Saya ingat betul perasaan saat pertama kali membawa pulang arwana. Ada rasa bangga, senang, sekaligus cemas luar biasa. Ikan gagah ini bukan hanya peliharaan, tapi juga sebuah investasi dan komitmen. Mungkin kamu juga merasakan hal yang sama sekarang. Percayalah, semangat saja tidak cukup. Ada beberapa “jebakan” umum yang seringkali membuat pemula gagal di bulan-bulan pertama.

Berdasarkan pengalaman saya dan teman-teman sesama penghobi, saya sudah merangkum 5 kesalahan paling fatal yang harus kamu hindari. Anggap saja ini jalan pintas agar kamu tidak perlu mengulang kegagalan yang menyakitkan (dan mahal).

Kesalahan 1: Memulai dengan Aquarium yang Terlalu Kecil

Ini adalah kesalahan paling fundamental dan paling sering terjadi. Banyak pemula berpikir, “Ah, ikannya kan masih 15 cm, nanti saja aquariumnya di-upgrade kalau sudah besar.” Ini pemikiran yang berbahaya. Pertumbuhan arwana sangat cepat, dan aquarium yang sempit akan langsung berdampak buruk pada anatominya. Pertumbuhannya bisa terhambat (stunted), tulang punggungnya bengkok, dan bahkan memicu kondisi mata turun (drop eye) yang kita takuti, yang solusinya sudah pernah saya bahas tuntas.

Solusi Praktis: Jangan menawar soal ukuran. Siapkan aquarium dengan ukuran minimal panjang 120 cm, lebar 50 cm, dan tinggi 50 cm sejak awal. Anggap ini sebagai investasi wajib untuk memastikan arwanamu tumbuh maksimal dan sehat.

Kesalahan 2: Mengabaikan Kualitas Air, si “Pembunuh Senyap”

Pemula seringkali hanya fokus pada ikan dan pakan, tapi lupa bahwa ikan hidup, bernapas, dan makan di dalam medium yang sama yakni air. Air yang terlihat jernih bukan jaminan kualitasnya bagus.
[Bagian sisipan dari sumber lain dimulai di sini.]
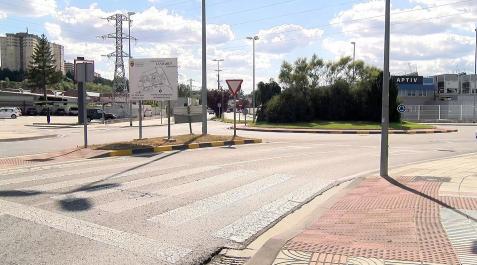 carril bici Landaben carril bici Landaben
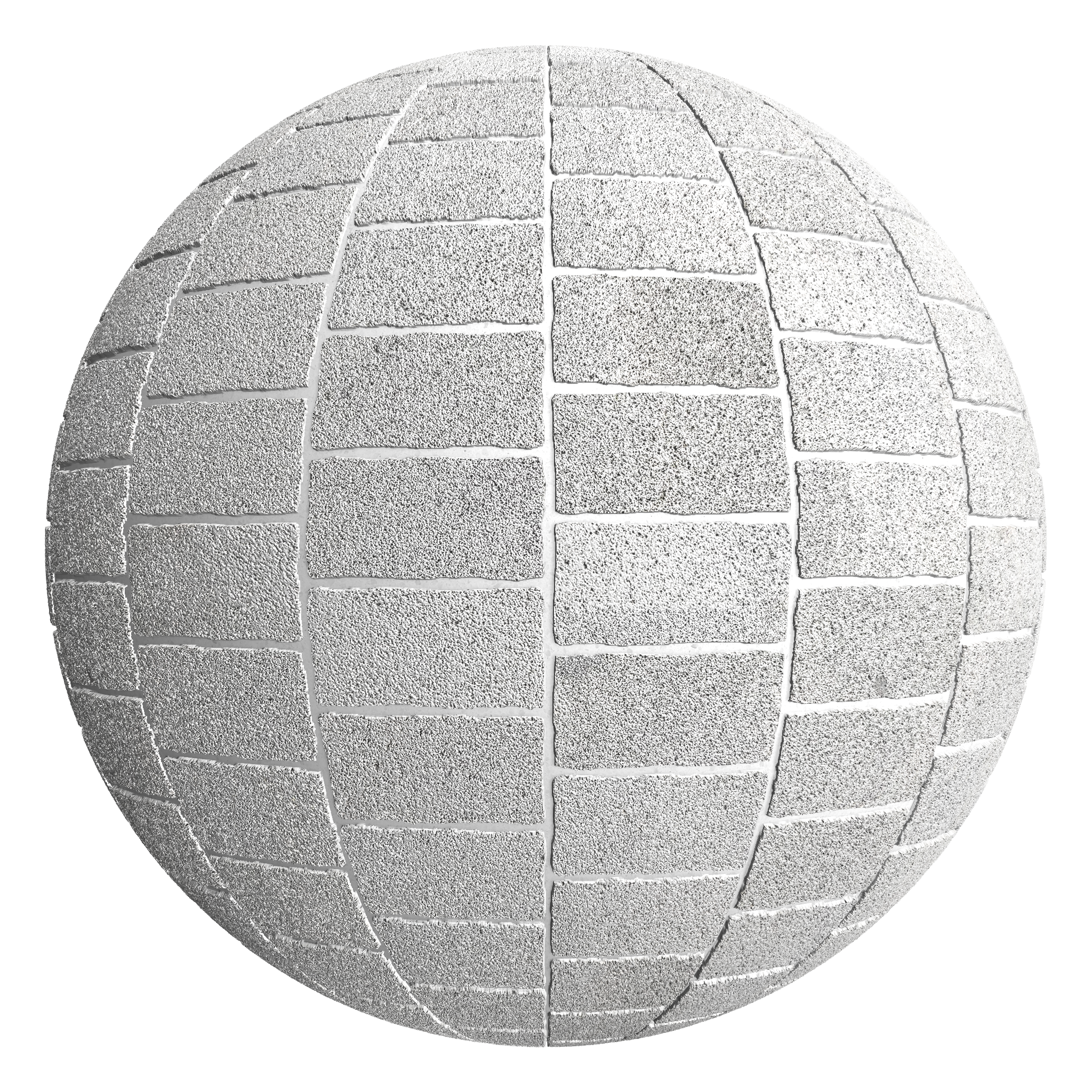 3D sphere preview of Granite, Stretcher seamless texture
Amonia dan nitrit adalah racun tak terlihat yang berasal dari kotoran ikan dan sisa pakan. Tanpa sistem filtrasi yang matang, racun ini akan menumpuk dan membunuh arwanamu secara perlahan.

Solusi Praktis: Wajib pelajari tentang pentingnya siklus nitrogen dalam aquarium, karena ini adalah fondasi utama dari ekosistem yang sehat. Sebelum ikan masuk, pastikan filter sudah berjalan (cycling) setidaknya 1-2 minggu agar koloni bakteri baik sempat terbentuk. Ganti air secara rutin (20-30% setiap minggu) dan jangan pernah mematikan filter 24/7, kecuali saat membersihkannya.

Kesalahan 3: Pakan yang Monoton dan Berisiko

“Yang penting arwana saya makan lahap.” Hati-hati dengan pemikiran ini. Memberi pakan yang itu-itu saja, misalnya jangkrik setiap hari, dapat menyebabkan kekurangan nutrisi dan penumpukan lemak berlebih yang bisa memicu drop eye. Lebih parah lagi, memberikan pakan hidup yang tidak bersih (seperti ikan kecil dari selokan) adalah cara tercepat mengundang parasit dan penyakit ke dalam aquarium.

Solusi Praktis: Terapkan diet yang bervariasi. Kamu bisa membaca panduan lengkapnya di artikel tentang cara memilih pakan arwana berkualitas. Sebagai aturan umum, kombinasikan antara:

  • Pakan Utama: Pelet arwana premium.
  • Pakan Tambahan: Udang beku (buang bagian tajamnya), serangga (jangkrik atau ulat hongkong) yang sudah dikarantina.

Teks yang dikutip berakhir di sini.